I’m already sorry that Missy is likely to go under the radar until the finale, as she and Clara made a hilariously fun team to watch, and it’s not quite so common to have two female companions around anymore. (We had some fun in the fourth season finale, and when Martha and Donna were both around for the Sontaran two-parter, but other than that, we haven’t had the dynamic since Nyssa and Tegan were on the TARDIS.) Plus, she’s the perfect dramatic instigator: Trying to get the Doctor to inadvertently kill Clara was a superbly evil move, and the comments she makes afterwards (about trying to get the Doctor to see the enemies in his friends, and the friends in his enemies) make it even more wrenching. Because the Doctor loves to talk about the Master as though they’re enemies—and in a way they are—but that also couldn’t be further from the truth. And this incarnation of the Master cares very much about making that distinction, about making her friend admit that he is her friend. Her parting shot proves it all over again: He tells her to run, and she tells him that he was always the one who ran, not her. So again, there are hurt feelings there, anger at being constantly left behind.

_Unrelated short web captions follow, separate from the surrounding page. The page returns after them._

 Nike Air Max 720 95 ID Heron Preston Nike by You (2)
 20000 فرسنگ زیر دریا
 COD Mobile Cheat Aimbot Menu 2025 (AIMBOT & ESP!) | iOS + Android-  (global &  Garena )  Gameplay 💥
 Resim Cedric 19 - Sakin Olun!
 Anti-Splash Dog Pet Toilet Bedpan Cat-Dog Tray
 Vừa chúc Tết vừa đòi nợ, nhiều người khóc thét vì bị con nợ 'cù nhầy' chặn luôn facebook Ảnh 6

There’s the title to consider as well—”The Witch’s Familiar.” My immediate guess is that the witch is Missy, and Clara is her familiar? Since we know that the Missy considers herself the “original” companion after a fashion, and she did hand-pick Clara for the Doctor.

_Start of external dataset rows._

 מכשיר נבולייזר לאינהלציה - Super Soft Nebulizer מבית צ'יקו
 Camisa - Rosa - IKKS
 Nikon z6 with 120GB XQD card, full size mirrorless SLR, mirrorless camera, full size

Also, Missy had a comment about her star alloy thingamajig, something that she claims the Doctor gave to her for her daughter… of course, she could be lying, but if she’s not, then they were both parents at some point, and now I’d be just as happy to watch a series of the Doctor and Master co-parenting Time Tots on Gallifrey. My needs are few, give me this one thing.

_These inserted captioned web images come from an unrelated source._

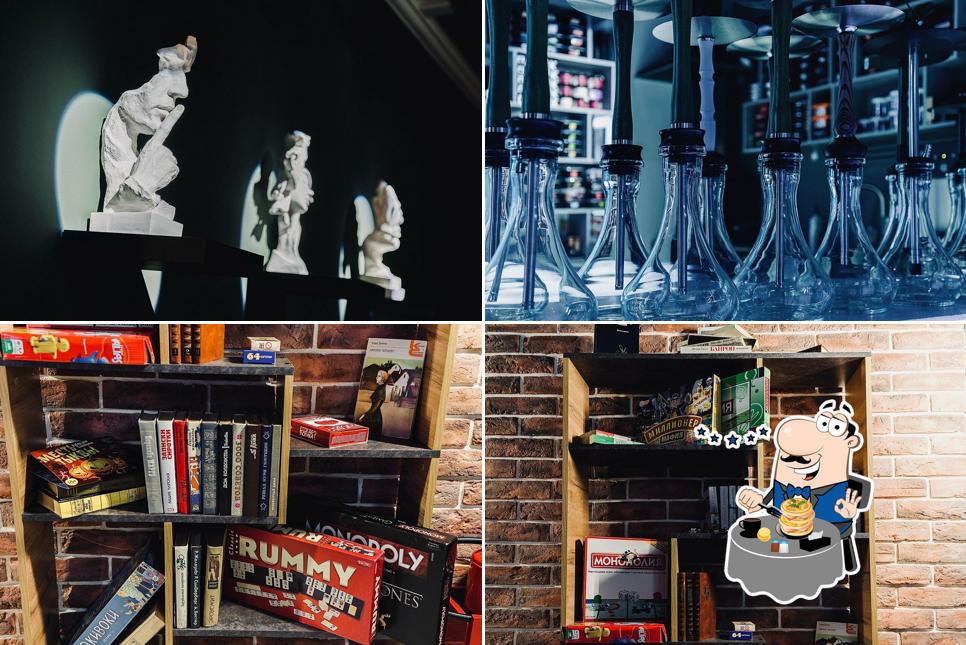 Еда в "Bright Place"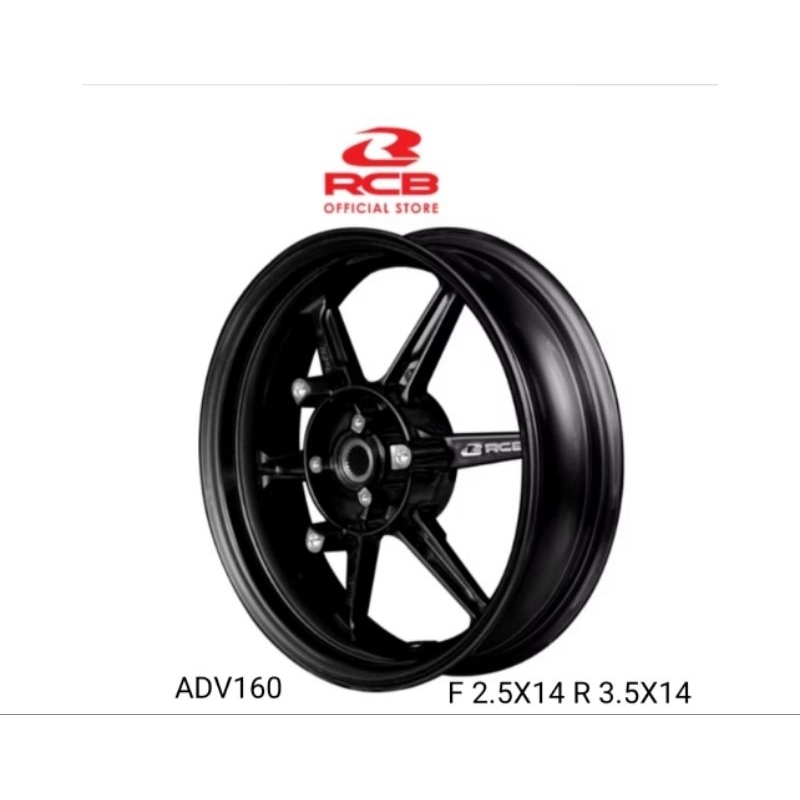 RCB SP800 SPORT RIM FOR HONDA ADV 160 | Shopee Malaysia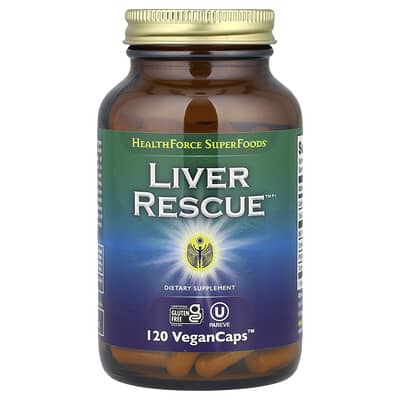 Liver Rescue™, 120 Vegan Caps™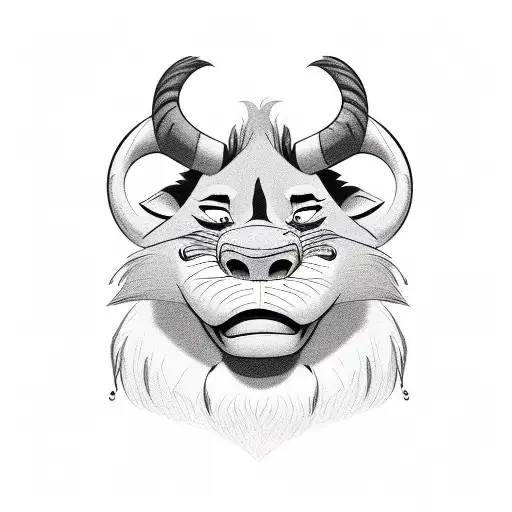 Timon And Pumbaa And The Lion King Are Coming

The overall theme of mercy being a necessity (and it being a key quality that the Doctor himself ultimately inscribed on the Daleks) only really grabbed me because we, as the audience, have seen a Dalek plead for mercy before—when the Doctor wasn’t around. That was in the season five finale, when a Dalek begged River Song. So the fact that this is something that we had experienced before as viewers when the Doctor had not made it even more interesting. It made his choice to influence young Davros there at the end feel less like a cheat. My only quibble is that it’s become something of a stock point in the show that the Doctor is totally responsible for the good in everyone, now up to and including his greatest enemies. So maybe that’s getting to be a bit much?
All in all, an emotional start to the season. Hopefully there is more of the same on offer down the road—minus a few confusing hiccups, this was a great ride.